The rate hike comes after the most recent inflation report from the Bureau of Labor Statistics showed that the Consumer Price Index rose 8.2% year-over-year as of September, with the 0.4% month-to-month increase exceeding analysts’ forecasts. Despite energy costs falling in some categories, a 0.8% surge in food prices and a 0.7% increase in shelter prices contributed to the headline number.
Policymakers at the Federal Reserve had pegged a near-zero target interest rate and acquired government bonds to stimulate the economy over much of the past two years to mitigate the effects of the lockdown-induced recession. Many leading economists have more recently criticized the central bank amid the return to a contractionary monetary regime, contending that officials who were slow in their response to rising price levels are now inflicting undue harm through their zeal to handle inflation.

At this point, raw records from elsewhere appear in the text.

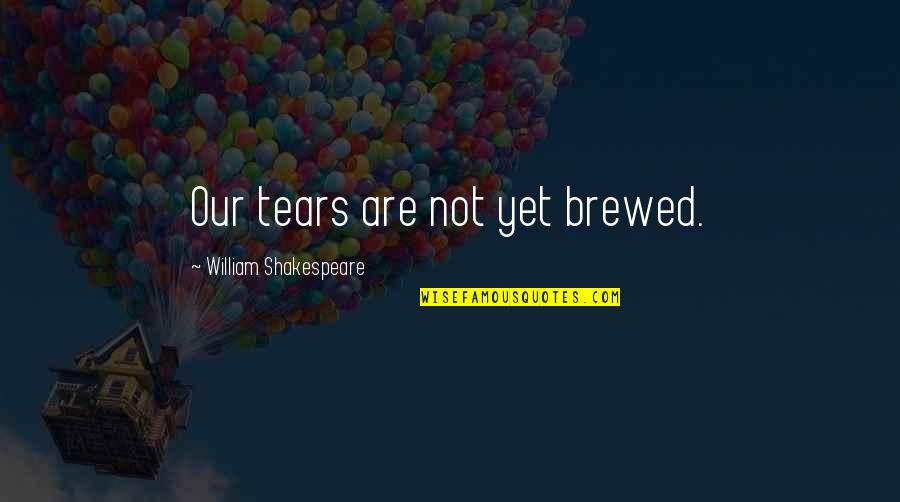 Happiness Is Playing With Sisters Baby Quotes By William Shakespeare: Our tears are not yet brewed. Happiness Is Playing With Sisters Baby Quotes By William Shakespeare: Our tears are not yet brewed.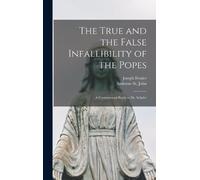 Joseph 1813-1872 The True and the False Infallibility of th (Copertina rigida)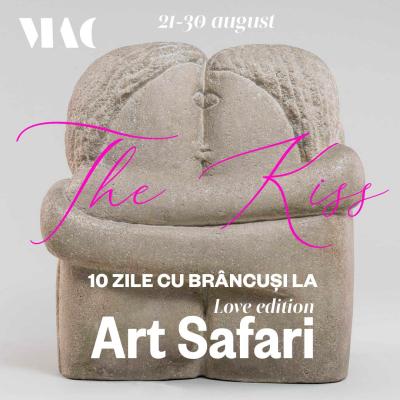 10 zile cu Brâncuși la Art Safari!  După o jumătate de secol, Sărutul de Brâncuși vine la București!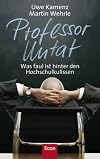 Professor Untat: Was faul ist hinter den Hochschulkulissen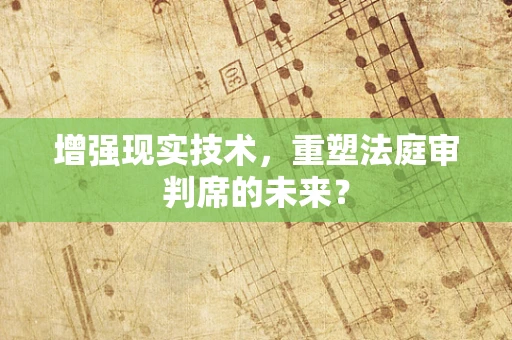 增强现实技术，重塑法庭审判席的未来？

Fallout from the rising interest rates has especially impacted the housing market as elevated mortgage rates decrease affordability. The 30-year fixed mortgage rate has remained below 3% for much of the past two years, according to data from government-backed mortgage company Freddie Mac. Since the beginning of the year, however, the rate has surged from just over 3% to surpass 7%, including a jump of nearly 1% in less than one month.
Federal Reserve officials have repeatedly warned markets that economic growth will be “essentially flat” in the second half of the year following two consecutive quarters of negative growth, implying that the United States had entered a technical recession.
“The moderation in demand due to monetary policy tightening is only partly realized so far. The transmission of tighter policy is most evident in highly interest-sensitive sectors like housing, where mortgage rates have more than doubled year to date and house price appreciation has fallen sharply over recent months and is on track to soon be flat,” Federal Reserve Vice Chair Lael Brainard commented last month during a conference in Chicago. “In other sectors, lags in transmission mean that policy actions to date will have their full effect on activity in coming quarters, and the effect on price setting may take longer. The moderation in demand should be reinforced by the concurrent rapid global tightening of monetary policy.”
In a similar speech delivered over the summer, Federal Reserve Chair Jerome Powell affirmed that the central bank remains committed to stable inflation. “Price stability is the responsibility of the Federal Reserve and serves as the bedrock of our economy,” he said. “Without price stability, the economy does not work for anyone. In particular, without price stability, we will not achieve a sustained period of strong labor market conditions that benefit all. The burdens of high inflation fall heaviest on those who are least able to bear them.”